Post by _Sam Harris »

GIMR wrote:
harmony wrote:
GIMR wrote:Bishop can visit Merc's wife if he likes, and only if Merc says so.


Uh.... no. Only if Mercury says so? Since when does a wife have to ask her husband for permission to be visited by her own clergy?


Ok, I'll retract that...but why should Merc have to be part of it?


A few more thoughts on this:

Has Merc ever given the impression that he is opressing his family with regards to the church? He seems to love his wife and family very much, wasn't he just exulting over the birth of a baby girl? Has Merc ever said that he forces his family to avoid the church? If not, then why must he and his home be subject (why must anyone be subject who does not want to be) to the visits of a bishop when they decide to leave the church?

I see this as a control issue, I'm sorry. When you decide to leave another church, they let you go. They don't hold all these meetings with you and make you explain yourself. If one spouse decides not to come to church, the pastor doesn't show up on the doorstep, it is generally known that all church resources are available at church.

If it were me, and I had an LDS spouse, bishops, members of church presidency and missionaries would not be welcome at my house. Home and Visiting teachers are different, because from my previous experience, they always brought a friendlier, less formal feeling with them. But if I were paying for the upkeep of that house, and I had decided that I didn't want to be part of a faith, and someone who was a clergymember of that faith kept insisting that I needed to meet with them to explain myself, he'd eventually meet with me in court to explain himself to a judge.

I thought about it...it's just not right. Merc took the high road and was civil, but I really do think it's his call whether or not bishop keeps invading his home, demanding to talk about why Merc isn't a member. If bishop just wants to talk to Mrs. Merc and little Mercs, that's different, but the family Merc is still active, right? Hence they see bishop. Why not make inquiries at church?
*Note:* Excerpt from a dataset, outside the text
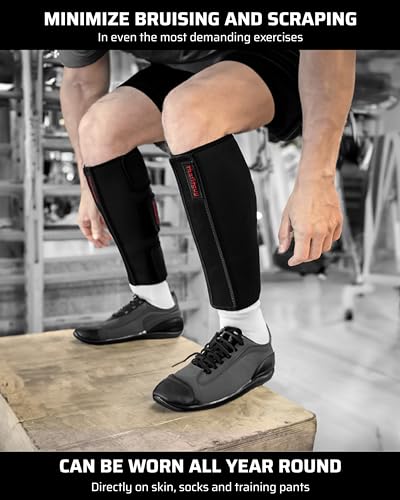 THEFITGUY Sled Pulling Belt & Weightlifting 10mm Shin Guards | Ultimate Combination for Enhanced protection & performance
Why does the personal space have to become involved?

I remember feeling very uncomfortable when sitting in my living room with people who barely knew me (and who really didn't care, despite what folks may try to say), who were trying to bear their testimonies about the mistake I was making, and asking for an explanation of my feelings (one they knew beforehand they wouldn't accept).
Each one has to find his peace from within. And peace to be real must be unaffected by outside circumstances. -Ghandi
_harmony
_Emeritus
Posts: 18195
Joined: Fri Oct 27, 2006 1:35 am

Post by _harmony »

GIMR wrote:A few more thoughts on this:

Has Merc ever given the impression that he is opressing his family with regards to the church? He seems to love his wife and family very much, wasn't he just exulting over the birth of a baby girl? Has Merc ever said that he forces his family to avoid the church? If not, then why must he and his home be subject (why must anyone be subject who does not want to be) to the visits of a bishop when they decide to leave the church?

I see this as a control issue, I'm sorry. When you decide to leave another church, they let you go. They don't hold all these meetings with you and make you explain yourself. If one spouse decides not to come to church, the pastor doesn't show up on the doorstep, it is generally known that all church resources are available at church.

If it were me, and I had an LDS spouse, bishops, members of church presidency and missionaries would not be welcome at my house. Home and Visiting teachers are different, because from my previous experience, they always brought a friendlier, less formal feeling with them. But if I were paying for the upkeep of that house, and I had decided that I didn't want to be part of a faith, and someone who was a clergymember of that faith kept insisting that I needed to meet with them to explain myself, he'd eventually meet with me in court to explain himself to a judge.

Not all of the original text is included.